The dirty secret about large-vocabulary hashes

The first step in the n-gram probability lookup process is to covert the input into tokens as discussed in an earlier post.  The second step is to covert each token into numerical IDs.  The data structure used here is a kind of a hash.

You might be asking, why not a trie?  The simple answer is size.  If you have on the order of a billion words in your lexicon, a trie would generally be quite large.  And large usually means slow, especially at this scale.  What we need instead is a data structure that allows us to map the tokens to IDs without storing the lexicon itself, which is gigabytes in storage.

A number of techniques exist in this area but a property many of these have, ours included, is the possibility of false-negatives.  This is to say that if you have a known token, the token will reliably map to a particular ID value, but if you have an unknown token, the ability to detect this is not guaranteed.  Specifically, an in-vocabulary and out-of-vocabulary token can map to the same ID value.  This is the trade-off to get the size down.  Folks who study these sorts of things often talk in terms of bits per token,  They often employ a secondary construct known as a fingerprint, to help reduce the odds of a false-positive.  Of course the fingerprint also contributes towards the bits per token. so it comes down to keeping the error rate acceptably low.

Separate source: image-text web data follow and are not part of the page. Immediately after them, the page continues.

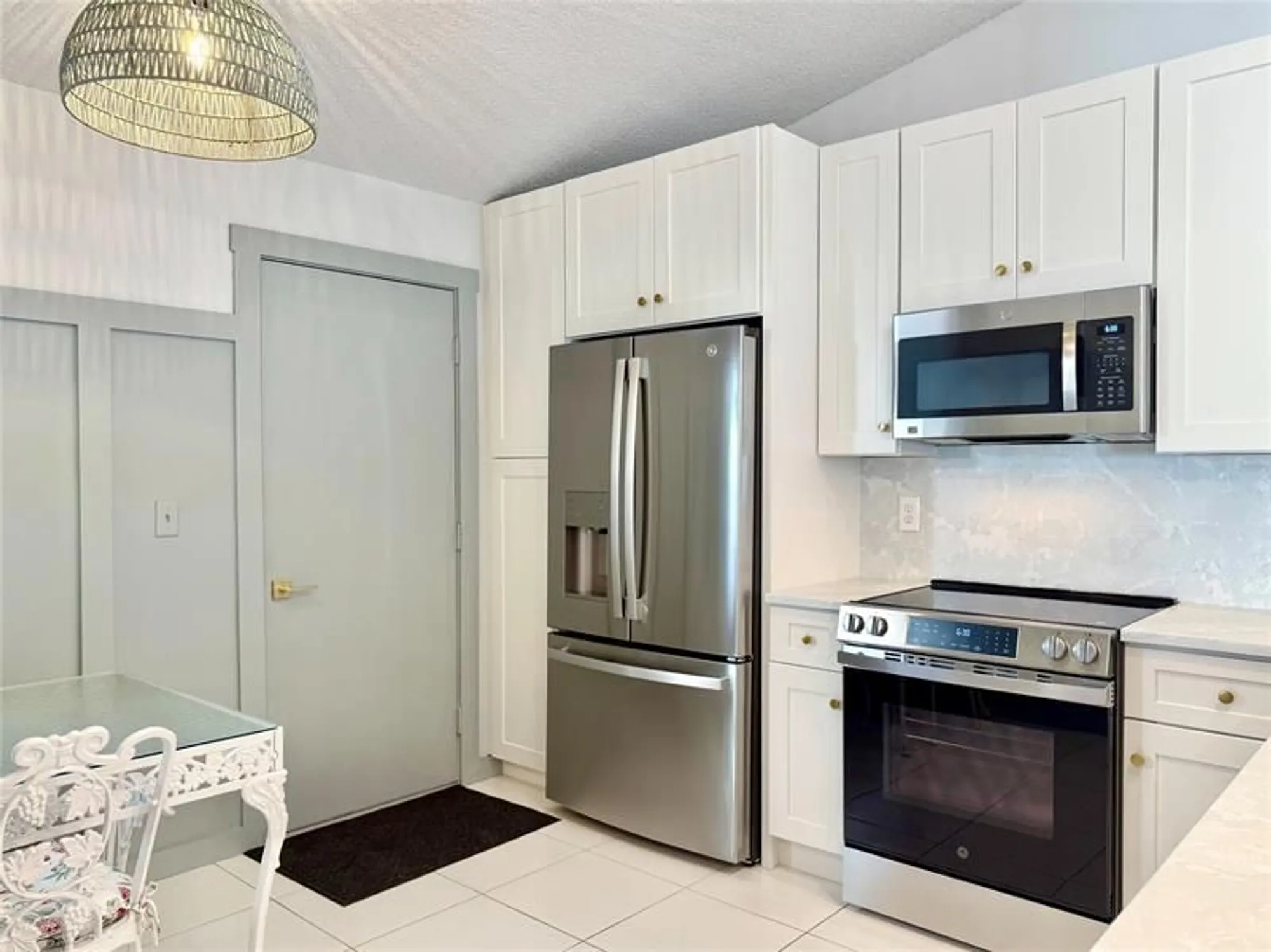 Property Slideshow image 8 of 51 | 5869 sunswept ln b, Boynton Beach, FL, 33437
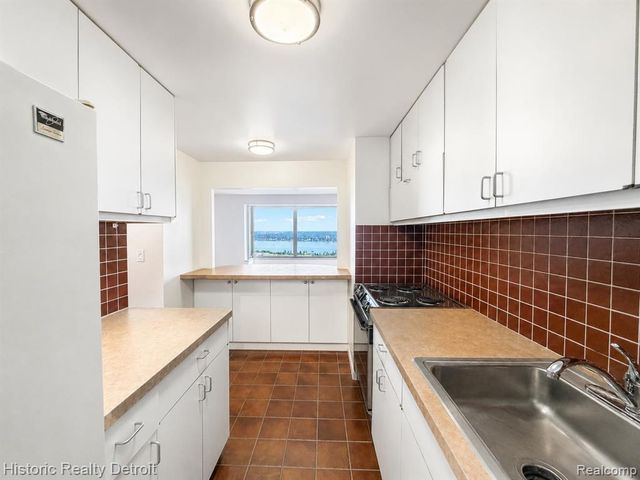 1300 E Lafayette 2102, Detroit, MI 48207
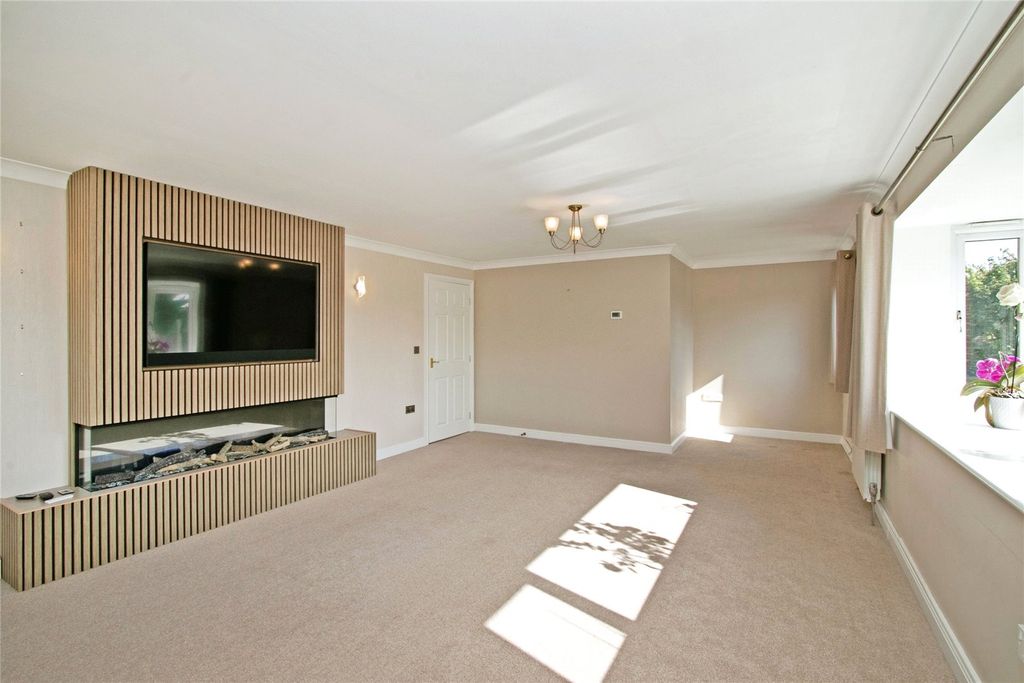Property photo 2 of 17 Lounge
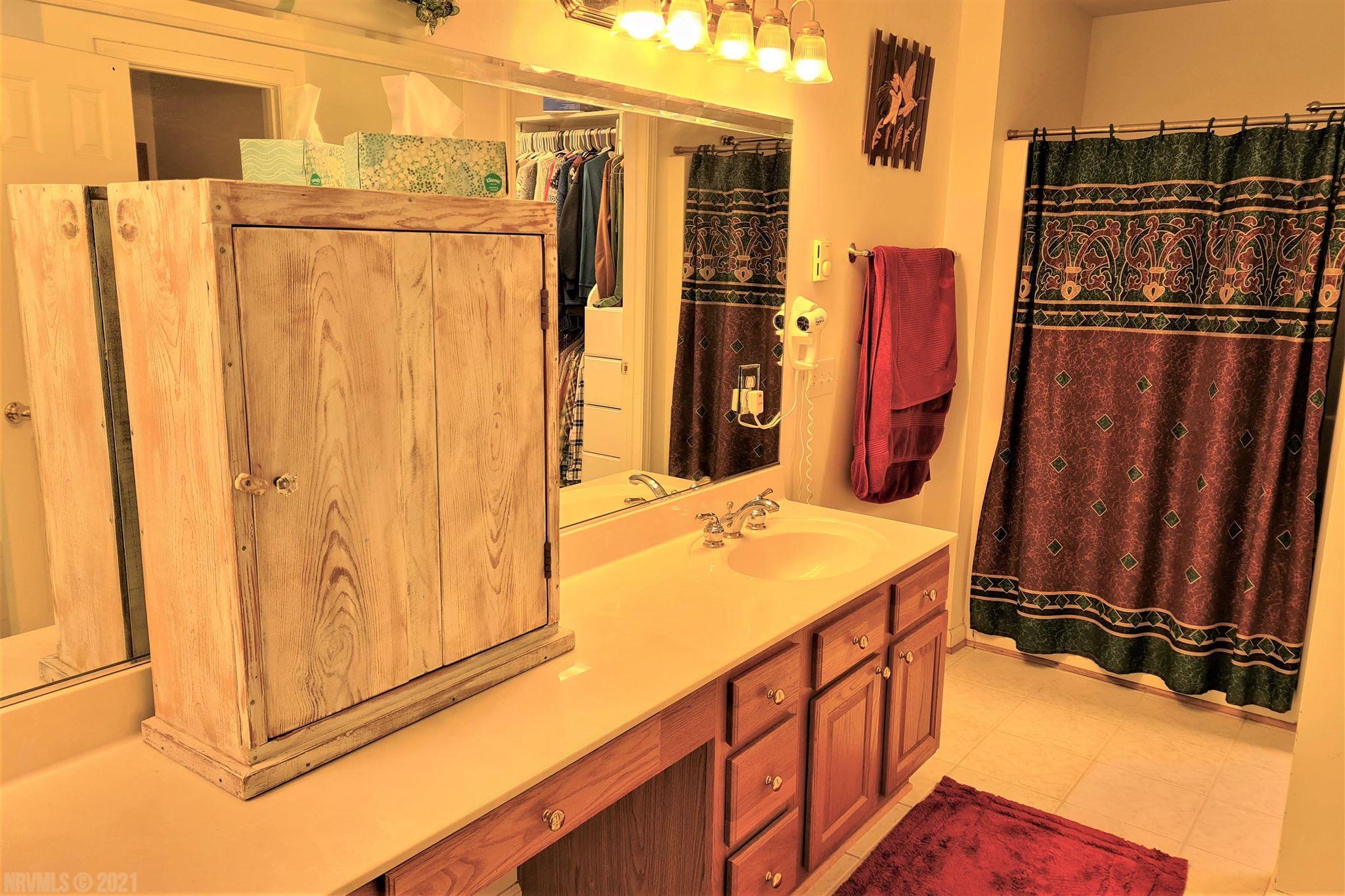4571 Rhea Ridge Drive Blacksburg, VA 24060 - Photo 25 of 71 Gallery Image 25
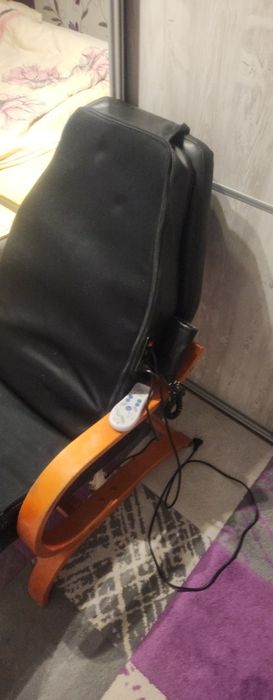 Fotel profesjonalny do masażu w bardzo dobrym stanie, skóra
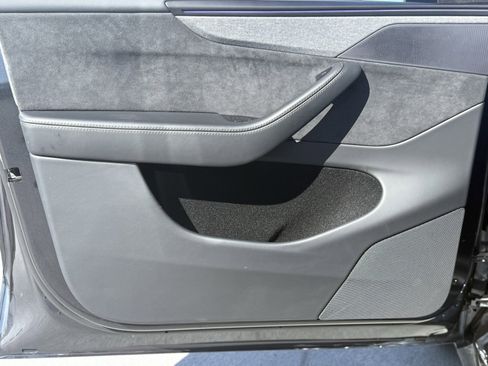 Used 2026 Tesla Model Y Long Range image 17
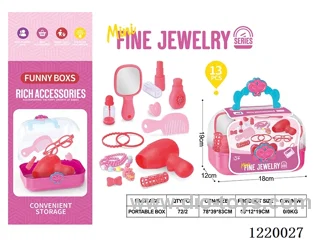 Jewelry set in mini carrying case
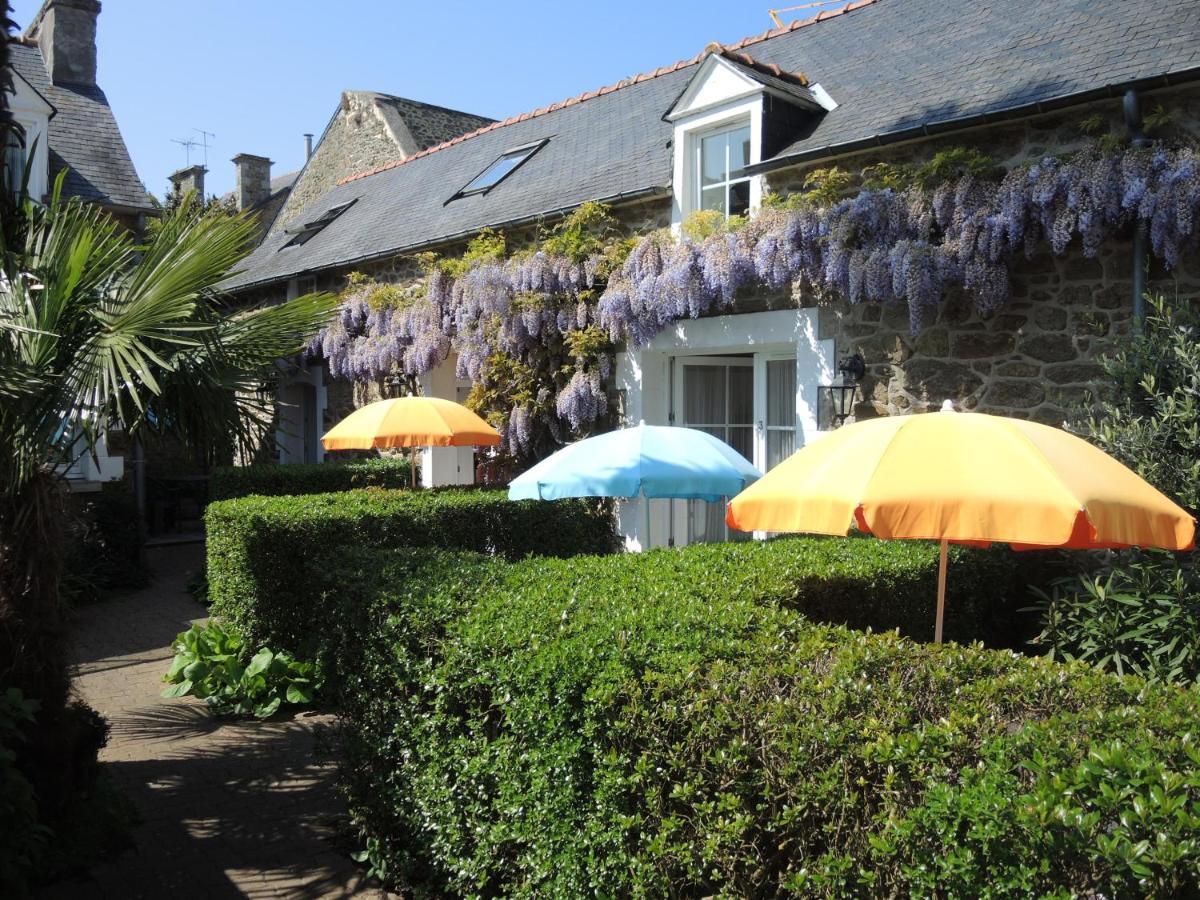 Clos De La Fontaine Dinard Buitenkant foto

Choosing a probabilistic hash instead of a data structure that embodies the lexicon also means that our service cannot do partial word wildcard lookups (i.e. you cannot find the probability of chris* and get the probability of chris, christopher, christmas, etc.).  It does, however, allow us to use a tree-like structure to facilitate backoff lookup (see this post for more on this) as well as our generative-mode API (post) so it isn't all bad.  Note that in order to produce the list of words in generative mode, we do have the ability to map IDs back to the token.  In other words if we check the round-trip value of mapping a token to an ID and then back, we could test for the validity of the token.  For performance reasons, we don't bother.